On Offensive Work: Authorization Cannot Be Delegated

Offensive security — penetration testing, exploit development, active reconnaissance against live targets — carries real legal exposure. AI is useful in a supporting role: reasoning about how an exploit chain might compose, summarizing a target's exposed surface from public data, drafting proof-of-concept code in a sandbox. But action against systems you do not unambiguously own and hold explicit authorization for must never be autonomous — against the wrong host or outside an authorized scope, it is potentially a crime and a contract breach. An agent cannot hold the authorization; the person who signed the rules of engagement holds it and must pull the trigger. Inside an owned sandbox or test range, under a bounded scope, more autonomy is acceptable — the constraint is the authorization boundary, not the automation. That boundary is what distinguishes a sanctioned test from an attack.

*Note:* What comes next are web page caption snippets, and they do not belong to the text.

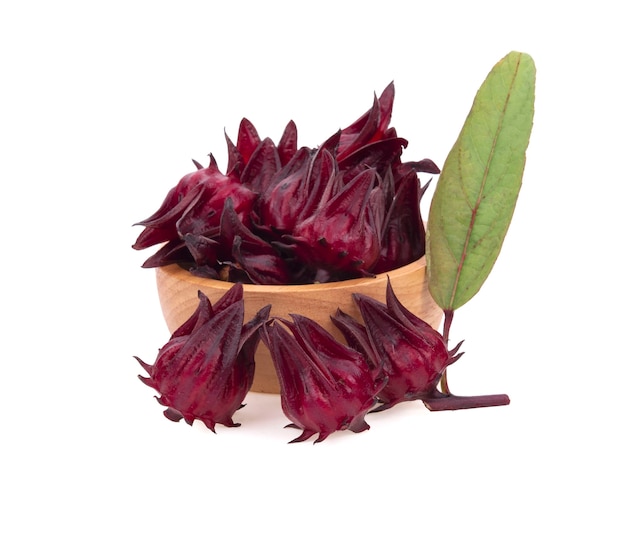 Hibiscus sabdariffa o roselle frutos en blanco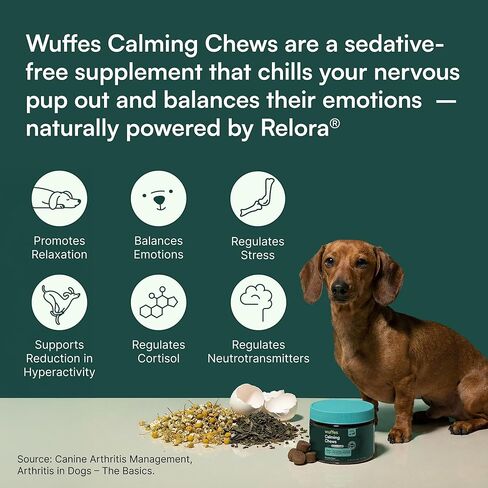مضغ ناعم مهدئ للكلاب من Wuffes، مكمل لدعم الإجهاد مع Relora®، L-Theanine، L-Tryptophan والبابونج، تخفيف مهدئ لا يسبب النعاس لجميع الكلاب، 60 مضغًا ناعمًا in Kuwait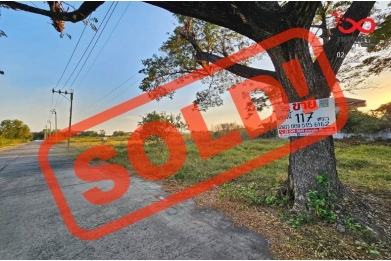 88500, ขายที่ดิน 117 ตารางวา ซอยสุวินทวงศ์ 24 ถนนสุวินทวงศ์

Designing the Gate So People Actually Use It

A gate that everyone clicks through without reading is theater. A few principles separate a working gate from a rubber stamp.

  1. Gate by reversibility and blast radius, not by category. Make humans approve every read-only enumeration and you train them to approve everything. Reserve the gate for actions that fail the rollback test or carry a severe worst case.
  2. Show the diff, not the intention. "Delete unused security group" is a summary. "Delete sg-0a3f, currently attached to 4 instances including prod-api-2" is a decision. Present the concrete, verifiable change.
  3. Default to dry-run. Let the agent produce the exact command, plan, or pull request, and stop there. A person reviews a concrete artifact — a Terraform plan, a git diff, a runbook — which becomes the audit record: the change, who reviewed it, and the decision, captured before anything executes.
  4. Make actions attributable and logged. Every action should trace to the agent, the prompt, and the human who approved it. When something goes wrong at 3 a.m., that timeline saves you.

As agentic chains lengthen, the gate itself becomes the bottleneck, so aggregate the low-risk proposals and escalate only what genuinely fails the two tests. The concrete first step is worth doing this quarter: map every action your agents can take today, apply the two tests to each, and compare where the gates sit against where the tests say they belong. The gaps are your roadmap.

The governance question was never whether to use AI in security work — the read-heavy, pattern-dense cases are too strong to pass up. It has always been where the machine's authority should end and where a person's judgment is structurally required, not just available. Every action in your agent's reachable set belongs on one side of that line or the other, assigned by reversibility and blast radius, enforced by architecture. That classification exercise, done once and kept current, is the design decision that determines whether your automation is a force multiplier or a liability waiting for a bad prompt.